Der Dienst beschränkt sich nicht auf militärische Aufgaben, sondern umfasst Arbeiten in der Landwirtschaft, auf dem Bau oder im öffentlichen Dienst. Das Monatssalär beläuft sich auf 450 Nafka, was gemäss offiziellem Wechselkurs 43US$ entspricht, in Realität aber eher 10$ nahekommt. Der Unterhalt einer Familie ist mit diesem «Lohn» nicht möglich. Viele der Interviewten berichteten, dass sie ihre Ehefrauen, Eltern oder Kinder nur einmal im Jahr besuchen können. Oft werden auch mehrere Familienmitglieder gleichzeitig eingezogen.

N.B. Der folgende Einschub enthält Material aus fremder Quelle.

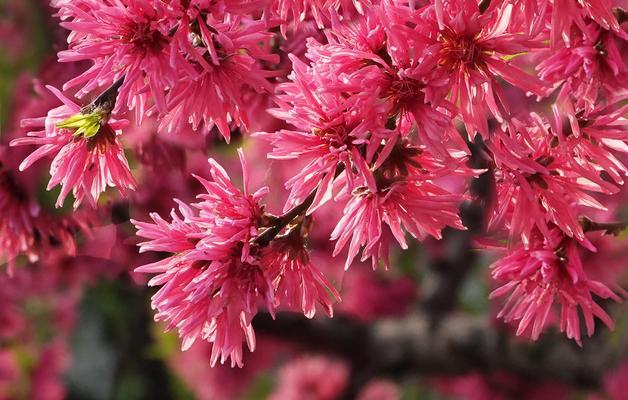 桃子的寓意与象征（桃子）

Viele der vom «Nationaldienst» Betroffenen haben daher keine Möglichkeit, ein Familienleben zu führen und sich eine eigene wirtschaftliche Existenz zu schaffen.
Willkürliche Verhaftungen und Folter
Der eritreische «Nationaldienst» verstösst damit gegen das internationale Verbot von Zwangsarbeit, das eine klare (zeitliche) Begrenzung verlangt und den Zweck der wirtschaftlichen Entwicklung explizit ausschliesst. „Die Realität des eritreischen „Nationaldienstes“ straft die Behauptungen in einigen europäischen Ländern Lügen, wonach es sich bei den meisten eritreischen Flüchtlingen um WirtschaftsmigrantInnen handelt“, so Michelle Kagari.
Die Rekrutierung für den „Nationaldienst“ erfolgt einerseits über willkürliche Auswahl, andererseits müssen alle Schüler das letzte Sekundarschuljahr in einem militärischen „Nationalen Trainingszentrum“ in Sawa verbringen. Personen, die der Dienstverweigerung verdächtigt und / oder beim Verlassen des Landes aufgegriffen werden, müssen vor dem Transfer in ein Ausbildungslager regelmässig mehrere Monate in Haft verbringen – an geheimen Orten, ohne richterliches Urteil und ohne Kontakt zur Aussenwelt. Die Haftbedingungen in den oft unterirdischen Verliesen oder in Schiffscontainern sind desaströs, Folter und Misshandlung an der Tagesordnung.
Die willkürliche Inhaftierung und anschliessende Zwangsrekrutierung derjenigen, die aus dem Land fliehen wollten, muss als Massstab dafür gelten, was abgewiesenen eritreischen Asylsuchenden droht, wenn sie zwangsweise nach Eritrea zurückgeschafft würden.